La vieille s'approcha d'eux en boitillant, leur demanda de la débarrasser du support et du tonneau et s'assit auprès d'eux.
- Qu'as-tu donc dans ton tonneau, la vieille ? demanda l'un des soldats.
Un bon coup de vin, répondit-elle. Je vis de ce commerce. Pour de l'argent et quelques bonnes paroles, je vous en donnerai volontiers un verre.
- Apporte voir ! dit le soldat.
Elle le servit et les autres suivirent l'exemple de leur camarade.
- Holà ! les amis, cria l'un d'eux à ceux qui se tenaient dans l'écurie, il y a ici une petite mère qui a du vin aussi vieux qu'elle. Buvez-en un coup ; ça vous réchauffera l'estomac mieux que notre feu.
La vieille porta son tonneau dans l'écurie. Un des soldats était assis sur le cheval tout sellé du comte ; un autre tenait la bride, un troisième s'occupait de natter la queue. La vieille versa à boire tant qu'on voulut, jusqu'à épuisement de la source. Bientôt, la bride tomba de la main de celui qui la tenait et lui-même s'en alla ronfler par terre ; l'autre abandonna la queue, s'allongea et ronfla plus fort encore ; celui qui était en selle y resta, mais sa tête s'inclina presque jusque sur le cou du cheval , il s'endormit à son tour et se mit à émettre des bruits de soufflet de forge. Les soldats qui étaient dehors dormaient depuis longtemps. Ils ne bougeaient pas plus que s'ils eussent été de pierre. Quand le maître voleur vit que tout avait bien marché, il plaça dans la main de l'un une corde à la place de la bride, à l'autre un balai de paille en remplacement de la queue. Mais qu'allait-il faire du troisième, celui qui était sur le cheval ? Il ne voulait pas le faire tomber : il se serait réveillé et aurait pu crier. Le voleur trouva le bon moyen : il défit les courroies de la selle, accrocha celle-ci à des cordes qui pendaient au mur dans des anneaux et hissa le cavalier au plafond. Puis il attacha solidement la corde à un poteau. Il eut tôt fait de libérer le cheval de sa chaîne. Mais on risquait d'entendre le bruit que feraient ses sabots sur les pavés de pierre de la cour. Il les enveloppa de vieux chiffons, fit sortir le cheval avec précaution de l'écurie et de la cour, lui sauta dessus et partit au galop.
Quand le jour fut levé, le maître voleur se précipita au château avec le cheval.
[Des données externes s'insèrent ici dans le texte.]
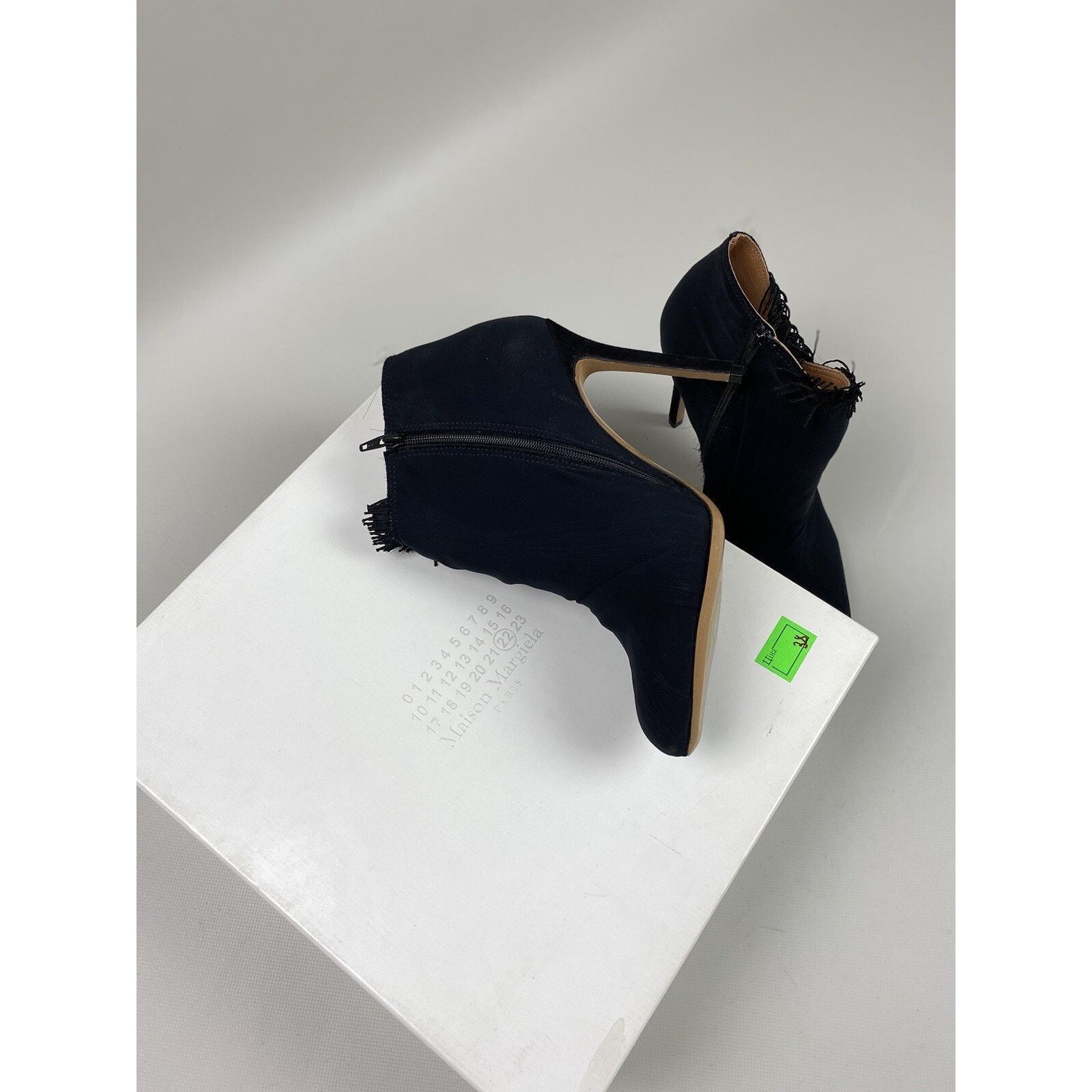 Maison Margiela New! Maison Margiela ladies heels shoes size 37 1/2 Size US 7.5 / IT 37.5 - 14 Thumbnail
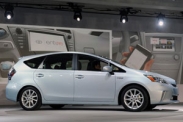 В Детройте представили Toyota Prius v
Le comte venait de se réveiller et il regardait par la fenêtre.
- Bonjour, Monseigneur ! lui cria le voleur. Voici le cheval que j'ai réussi à sortir de l'écurie. Regardez comme vos soldats dorment bien ! Et si vous allez à l'écurie, vous verrez comme vos gardes s'y sont mis à l'aise.
Le comte ne put s'empêcher de rire. Puis il dit :
- Tu as réussi une fois. Il n'en ira pas de même la prochaine. Et je te préviens ; puisque tu t'es présenté comme voleur, agis en voleur.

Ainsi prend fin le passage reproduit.